Albumin-Bilirubin Grade as a Novel Predictor of Survival in Advanced Extrahepatic Cholangiocarcinoma

Department of Hepatobiliary Surgery, The First Affiliated Hospital of Bengbu Medical College, 233000 Bengbu, Anhui, China

Correspondence should be addressed to Qing Pang; moc.621@2uixtrop and Huichun Liu; moc.621@rotcodchuil

Received 28 June 2018; Revised 3 September 2018; Accepted 11 September 2018; Published 2 December 2018

Academic Editor: Mario Pirisi

Copyright © 2018 Yong Wang et al. This is an open access article distributed under the Creative Commons Attribution License, which permits unrestricted use, distribution, and reproduction in any medium, provided the original work is properly cited.


Aim. Child-Pugh (CP) grade has been used to assess liver function and postoperative outcomes in biliary tract neoplasms. The aim of this study was to preliminarily explore the prognostic significance of an alternative model of liver function, called albumin-bilirubin (ALBI) grade, in patients with extrahepatic cholangiocarcinoma (EHC). Methods. A total of 109 advanced EHC patients, who received percutaneous transhepatic biliary stenting combined with iodine-125 seed implantation from January 2012 to April 2017 in our department, were enrolled. Preoperative clinical data were collected to calculate the CP and ALBI grades. The performance of ALBI score in predicting postoperative death was compared with that of CP score by using the receiver operating characteristic (ROC) curve. Kaplan-Meier analysis and Cox regression model were performed for overall survival (OS) analysis. Results. The median survival time of our cohort was 12 months, and the 1-year and 2-year survival rates were 56.9% and 12.8%, respectively. The area under the ROC curve of ALBI score for predicting death was significantly greater than the CP score (0.751, 95% CI: 0.641–0.861, vs. 0.688, 95% CI: 0.567–0.809, ). The univariate analysis revealed that the factors related to overall survival of EHC were carbohydrate antigen 19-9, total bilirubin, albumin, ALBI grade, and CP score. In multivariate analysis, ALBI grade (HR = 1.65, 95% CI: 1.04–2.61, ), but not CP score, was identified as an independent prognostic model. Conclusion. We demonstrated that the ALBI grade could be used as a predictor of survival in unresectable EHC patients.

1. Introduction

Cholangiocarcinoma (CCA) represents a diverse group of aggressive malignancies arising from the damaged biliary epithelial cells. It accounts for approximately 10%–25% of all hepatobiliary malignancies and affects mainly the elderly population. Over the past several decades, the incidence of CCA has progressively increased worldwide [1]. According to the tumor location, CAA can be classified into intrahepatic cholangiocarcinoma (IHC) and extrahepatic cholangiocarcinoma (EHC). The latter type consists of hilar cholangiocarcinoma (HCCA) and distal cholangiocarcinoma (DCCA) and accounts for about 80% of cases [1]. Currently, due to the difficulty in the early diagnosis and the limited treatments, the prognosis of EHC remains poor, with a 5-year overall survival (OS) rate of 5–17% [2]. To date, simple models to assess EHC prognosis are too limited. Therefore, the exploration of new prognostic models, preferably those simply obtained from serum markers, is important.
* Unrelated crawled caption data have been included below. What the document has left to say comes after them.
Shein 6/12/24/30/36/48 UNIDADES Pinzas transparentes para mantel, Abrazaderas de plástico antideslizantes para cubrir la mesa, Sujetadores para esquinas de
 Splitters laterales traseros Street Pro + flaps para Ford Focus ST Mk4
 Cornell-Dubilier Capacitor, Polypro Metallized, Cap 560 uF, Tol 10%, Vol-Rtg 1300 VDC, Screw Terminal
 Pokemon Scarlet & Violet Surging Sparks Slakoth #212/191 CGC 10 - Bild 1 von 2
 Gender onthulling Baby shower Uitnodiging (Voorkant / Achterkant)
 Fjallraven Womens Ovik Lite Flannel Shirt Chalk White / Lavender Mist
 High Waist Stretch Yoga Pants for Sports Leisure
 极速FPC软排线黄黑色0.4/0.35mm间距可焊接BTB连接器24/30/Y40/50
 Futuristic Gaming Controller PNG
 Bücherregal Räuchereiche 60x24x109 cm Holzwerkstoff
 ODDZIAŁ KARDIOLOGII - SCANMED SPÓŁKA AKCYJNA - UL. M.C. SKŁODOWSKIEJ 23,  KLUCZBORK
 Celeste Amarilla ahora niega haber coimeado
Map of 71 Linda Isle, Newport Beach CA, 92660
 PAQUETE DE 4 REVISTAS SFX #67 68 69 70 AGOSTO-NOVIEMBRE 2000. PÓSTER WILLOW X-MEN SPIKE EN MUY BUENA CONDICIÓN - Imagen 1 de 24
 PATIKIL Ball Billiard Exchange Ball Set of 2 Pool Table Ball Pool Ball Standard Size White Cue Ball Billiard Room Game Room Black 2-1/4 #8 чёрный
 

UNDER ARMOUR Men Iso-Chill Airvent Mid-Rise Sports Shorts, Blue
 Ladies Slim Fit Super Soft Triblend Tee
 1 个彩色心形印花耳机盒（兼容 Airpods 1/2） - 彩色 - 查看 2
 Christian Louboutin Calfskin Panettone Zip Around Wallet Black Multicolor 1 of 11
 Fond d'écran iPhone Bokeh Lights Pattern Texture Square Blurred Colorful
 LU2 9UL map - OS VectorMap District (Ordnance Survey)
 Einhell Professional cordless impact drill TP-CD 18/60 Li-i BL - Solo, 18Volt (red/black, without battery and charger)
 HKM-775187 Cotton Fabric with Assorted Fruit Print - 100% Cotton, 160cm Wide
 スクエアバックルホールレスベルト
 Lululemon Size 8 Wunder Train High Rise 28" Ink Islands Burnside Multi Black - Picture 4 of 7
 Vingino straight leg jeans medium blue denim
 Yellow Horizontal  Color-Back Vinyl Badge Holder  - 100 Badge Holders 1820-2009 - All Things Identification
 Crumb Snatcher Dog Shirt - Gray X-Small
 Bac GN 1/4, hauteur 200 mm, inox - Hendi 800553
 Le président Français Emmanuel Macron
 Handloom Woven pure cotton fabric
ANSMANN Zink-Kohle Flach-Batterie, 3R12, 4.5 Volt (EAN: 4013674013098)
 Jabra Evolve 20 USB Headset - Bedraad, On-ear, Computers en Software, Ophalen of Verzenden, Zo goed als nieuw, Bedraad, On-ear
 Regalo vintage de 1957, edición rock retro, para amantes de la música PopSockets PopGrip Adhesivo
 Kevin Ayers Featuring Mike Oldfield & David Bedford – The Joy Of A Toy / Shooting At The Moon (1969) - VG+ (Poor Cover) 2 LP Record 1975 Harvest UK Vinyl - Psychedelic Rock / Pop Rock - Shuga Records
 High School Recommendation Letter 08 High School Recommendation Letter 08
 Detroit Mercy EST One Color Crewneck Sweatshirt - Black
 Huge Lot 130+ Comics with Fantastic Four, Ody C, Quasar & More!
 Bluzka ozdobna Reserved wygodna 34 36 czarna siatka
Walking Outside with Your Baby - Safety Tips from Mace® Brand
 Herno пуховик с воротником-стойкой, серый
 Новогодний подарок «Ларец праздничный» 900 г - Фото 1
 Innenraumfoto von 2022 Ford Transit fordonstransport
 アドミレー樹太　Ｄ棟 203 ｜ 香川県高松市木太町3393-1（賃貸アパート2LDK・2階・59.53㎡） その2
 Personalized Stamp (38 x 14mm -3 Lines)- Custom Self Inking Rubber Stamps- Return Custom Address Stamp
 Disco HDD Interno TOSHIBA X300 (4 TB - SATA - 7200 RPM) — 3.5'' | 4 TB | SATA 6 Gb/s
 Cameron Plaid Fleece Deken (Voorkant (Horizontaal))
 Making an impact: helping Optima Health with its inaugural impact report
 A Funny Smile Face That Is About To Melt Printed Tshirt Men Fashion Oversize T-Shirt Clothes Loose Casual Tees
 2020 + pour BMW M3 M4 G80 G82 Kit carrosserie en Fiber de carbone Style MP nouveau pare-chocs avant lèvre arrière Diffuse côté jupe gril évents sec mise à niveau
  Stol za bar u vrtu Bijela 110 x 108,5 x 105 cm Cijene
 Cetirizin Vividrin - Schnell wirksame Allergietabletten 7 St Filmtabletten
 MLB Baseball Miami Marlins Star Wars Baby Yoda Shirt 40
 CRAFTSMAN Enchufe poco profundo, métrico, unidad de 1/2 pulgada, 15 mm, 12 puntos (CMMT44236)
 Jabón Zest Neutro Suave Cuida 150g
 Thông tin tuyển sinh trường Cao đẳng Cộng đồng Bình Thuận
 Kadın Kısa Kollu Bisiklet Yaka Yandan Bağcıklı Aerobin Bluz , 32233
Currently, surgical resection with negative margins remains the primary radical approach for early EHC [3], while only a small number of patients are candidates for surgery due to the advanced stage of presentation [4]. Chemotherapy is the primary treatment of choice for unresectable EHC while the effectiveness is unsatisfactory [4]. Recently, the approaches of palliative biliary drainage and biliary stent placement have been used to relieve biliary obstruction in EHC. Due to the rapid ingrowth of tumor, however, the biliary stent alone could not yield a satisfactory treatment effect [5]. Since 2012, we have routinely used the combined treatment of percutaneous transhepatic biliary stenting (PTBS) with iodine-125 (125I) seed intracavitary irradiation in advanced EHC, and it significantly prolongs stent patency time and improves survival compared with biliary stent alone [6].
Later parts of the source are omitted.